● Work item: Each line of the data below that carries the word "Casino" needs to be copied.

------------------------------

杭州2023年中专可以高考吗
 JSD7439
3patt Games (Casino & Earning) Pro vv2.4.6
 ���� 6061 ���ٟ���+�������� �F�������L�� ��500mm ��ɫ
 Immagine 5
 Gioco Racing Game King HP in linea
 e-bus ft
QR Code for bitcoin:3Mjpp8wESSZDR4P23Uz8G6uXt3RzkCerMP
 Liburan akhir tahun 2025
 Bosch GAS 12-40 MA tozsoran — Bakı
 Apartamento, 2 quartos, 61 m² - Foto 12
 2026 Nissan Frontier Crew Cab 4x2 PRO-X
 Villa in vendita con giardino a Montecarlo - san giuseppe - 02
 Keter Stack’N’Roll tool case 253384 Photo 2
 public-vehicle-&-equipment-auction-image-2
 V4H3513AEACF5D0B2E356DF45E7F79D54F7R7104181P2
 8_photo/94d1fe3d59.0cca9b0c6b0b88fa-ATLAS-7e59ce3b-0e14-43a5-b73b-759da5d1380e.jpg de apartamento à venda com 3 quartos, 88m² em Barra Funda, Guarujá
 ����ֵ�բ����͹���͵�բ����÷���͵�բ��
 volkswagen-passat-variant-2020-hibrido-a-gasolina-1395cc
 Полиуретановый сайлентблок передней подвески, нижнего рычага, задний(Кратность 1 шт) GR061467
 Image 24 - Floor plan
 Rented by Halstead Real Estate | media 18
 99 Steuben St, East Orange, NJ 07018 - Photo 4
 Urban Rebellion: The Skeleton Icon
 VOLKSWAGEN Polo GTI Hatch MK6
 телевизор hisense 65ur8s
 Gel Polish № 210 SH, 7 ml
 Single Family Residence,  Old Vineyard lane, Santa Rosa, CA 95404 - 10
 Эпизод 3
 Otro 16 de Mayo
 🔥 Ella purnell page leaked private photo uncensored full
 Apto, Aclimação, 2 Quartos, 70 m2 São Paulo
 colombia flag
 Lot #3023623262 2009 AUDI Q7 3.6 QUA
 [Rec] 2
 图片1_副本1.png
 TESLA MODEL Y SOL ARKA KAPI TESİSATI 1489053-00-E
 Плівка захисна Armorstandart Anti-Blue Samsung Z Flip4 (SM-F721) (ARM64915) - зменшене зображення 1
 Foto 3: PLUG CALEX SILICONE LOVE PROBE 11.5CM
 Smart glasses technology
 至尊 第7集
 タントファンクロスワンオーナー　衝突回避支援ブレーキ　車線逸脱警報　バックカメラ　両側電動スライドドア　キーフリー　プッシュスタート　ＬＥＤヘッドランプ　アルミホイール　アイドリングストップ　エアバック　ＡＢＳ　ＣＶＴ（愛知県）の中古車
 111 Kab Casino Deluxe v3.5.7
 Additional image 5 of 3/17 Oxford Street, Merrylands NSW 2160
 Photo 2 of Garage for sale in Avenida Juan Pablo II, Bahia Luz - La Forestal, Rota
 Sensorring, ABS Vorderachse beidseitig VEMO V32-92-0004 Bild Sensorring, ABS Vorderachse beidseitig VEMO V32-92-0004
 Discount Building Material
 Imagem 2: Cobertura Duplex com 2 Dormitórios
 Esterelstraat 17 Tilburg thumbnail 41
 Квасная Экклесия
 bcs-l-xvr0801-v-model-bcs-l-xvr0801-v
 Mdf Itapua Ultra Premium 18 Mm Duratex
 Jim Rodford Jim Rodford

------------------------------

● Result of the task:
3patt Games (Casino & Earning) Pro vv2.4.6
 111 Kab Casino Deluxe v3.5.7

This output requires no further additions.